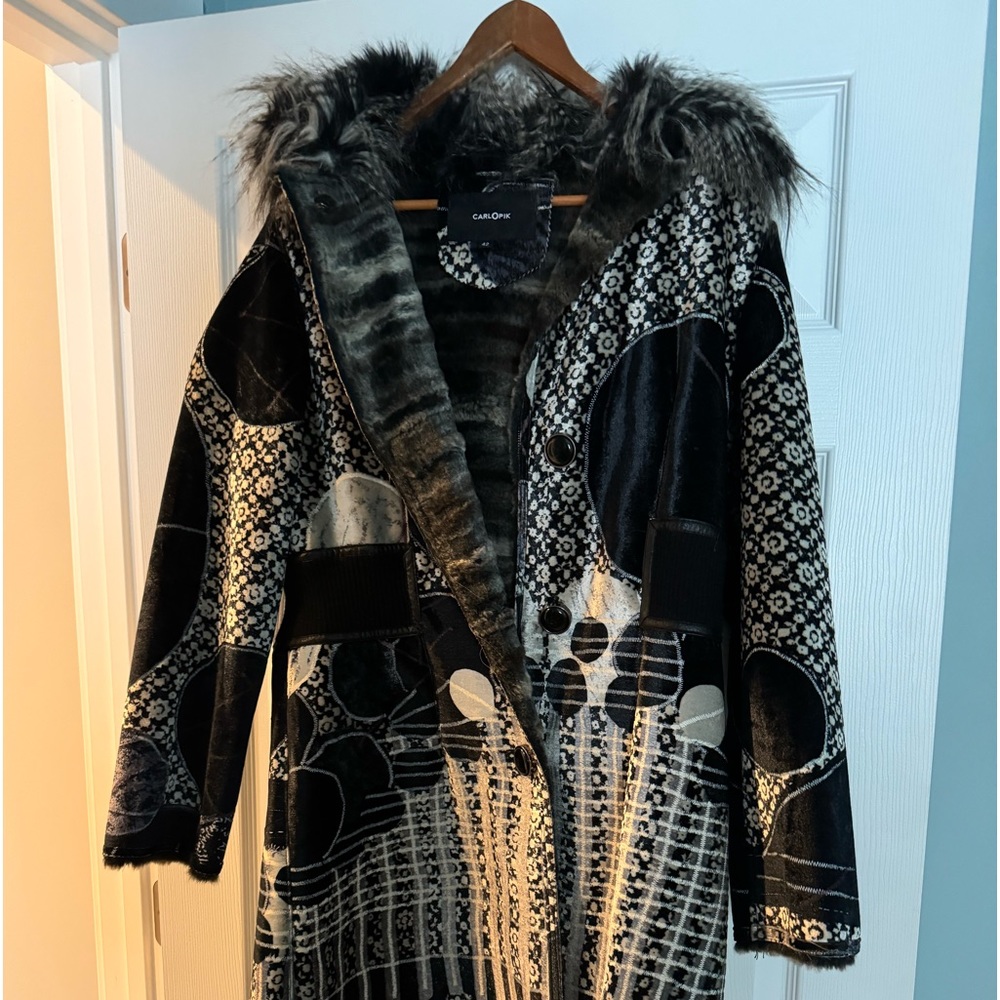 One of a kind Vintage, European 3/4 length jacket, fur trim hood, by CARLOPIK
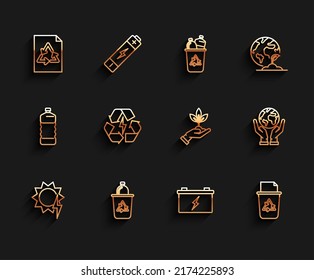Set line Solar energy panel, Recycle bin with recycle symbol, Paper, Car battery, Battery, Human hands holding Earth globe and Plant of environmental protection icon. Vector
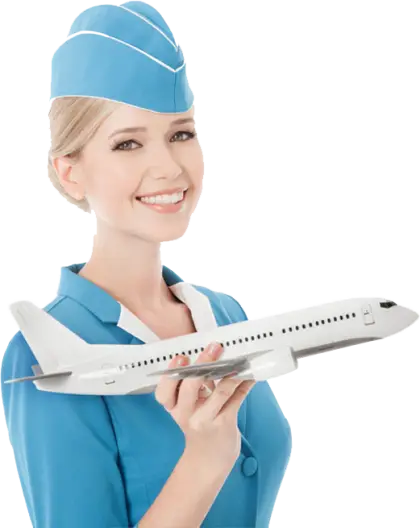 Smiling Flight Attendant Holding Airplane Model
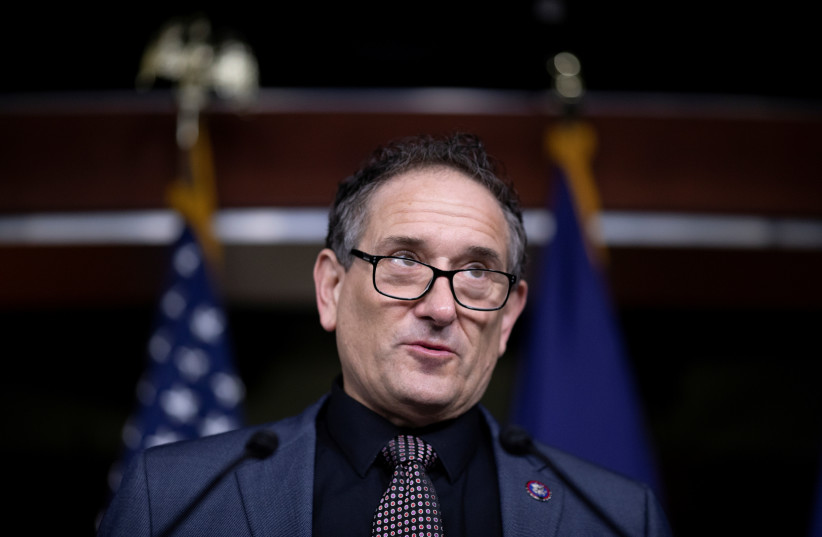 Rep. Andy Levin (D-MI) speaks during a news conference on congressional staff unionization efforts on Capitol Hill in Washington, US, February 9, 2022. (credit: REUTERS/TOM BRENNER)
--
- [Task to carry out] Reproduce the data above line for line, from its first line through the line containing "Set line Solar", both ends included, with the pictures omitted and nothing more.

- [Result below]
 One of a kind Vintage, European 3/4 length jacket, fur trim hood, by CARLOPIK
Set line Solar energy panel, Recycle bin with recycle symbol, Paper, Car battery, Battery, Human hands holding Earth globe and Plant of environmental protection icon. Vector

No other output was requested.